Attorneys to Kim Kardashian’s Law Pursuits: You Don’t Even Go Here

It’s no secret that Kim Kardashian West’s new career goals have been a source of controversy. Since the world learned her dream of becoming a lawyer, it’s been a frenzied back-and-forth between those who think the whole thing is a joke, and those who think we should respect Kardashian West’s commitment. When it comes to her description of law school, however, the legal community seems to agree: there’s something wrong with this picture.

The comment by Kardashian West that struck the biggest nerve is included in a Vogue profile from April. “To me, torts is the most confusing, contracts the most boring, and crim law I can do in my sleep,” the reality star rattled off. “Took my first test, I got a 100. Super easy for me. The reading is what really gets me. It’s so time-consuming.” Needless to say, the law students and attorneys of Twitter had something to say about this.

First, there’s the fact that calling any aspect of law school “super easy” is likely to offend the many people who (rightfully) found it difficult. As a Twitter points out, “sound bits from Vogue such as ‘I can do Crim Law in my sleep'” are frankly “insulting.”

Then, there are those who question the validity of her comments as they apply to law school. Another user posed the following: “Kim Kardashian said she got a “100” on her first Crim Law exam. That’s how you know this new storyline is full of shit. Law school exams aren’t fucking multiple choice tests graded out of 100.”

The issue of Kardashian West’s privilege is raised once again as well.
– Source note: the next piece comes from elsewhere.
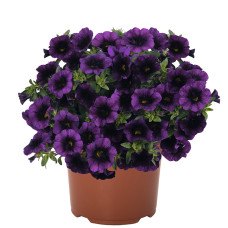Калибрахоа ALOHA KONA MIDNIGHT PURPLE 19154/2142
Another critic tagged the aspiring lawyer in a tweet remarking “some people actually spend money on going to law school… did you know that???”

Finally, the mention that reading is “so time-consuming,” along with Kardashian West’s complaints earlier this week about working “like, a 14-hour day,” have some questioning whether she’s ready for the time commitment of working in law. An attorney writing for the blog Above The Law calls 14-hour days “medium hours,” and cautions her with the following: “Remember, this is about assisting non-violent drug offenders incarcerated by a broken system. They have to spend, like, 24-hour days in prison.”

In the end, we fully respect what Kardashian West is trying to do here, even if she could’ve been a little more sensitive to what other law students are going through. It’s important to remember that she’s not studying to become a lawyer in the traditional sense: she’s undertaking a law apprenticeship with the specific goal of furthering her efforts in criminal-justice reform. These attorney’s and law students’ reactions imply that Kardashian West will be competing with them for attorney roles, and that’s simply not the case. We should be glad that she’s taking the opportunity to educate herself on law topics, and gain a more nuanced understanding of the policy she hopes to reform — not shaming her just because her experience looks different from ours.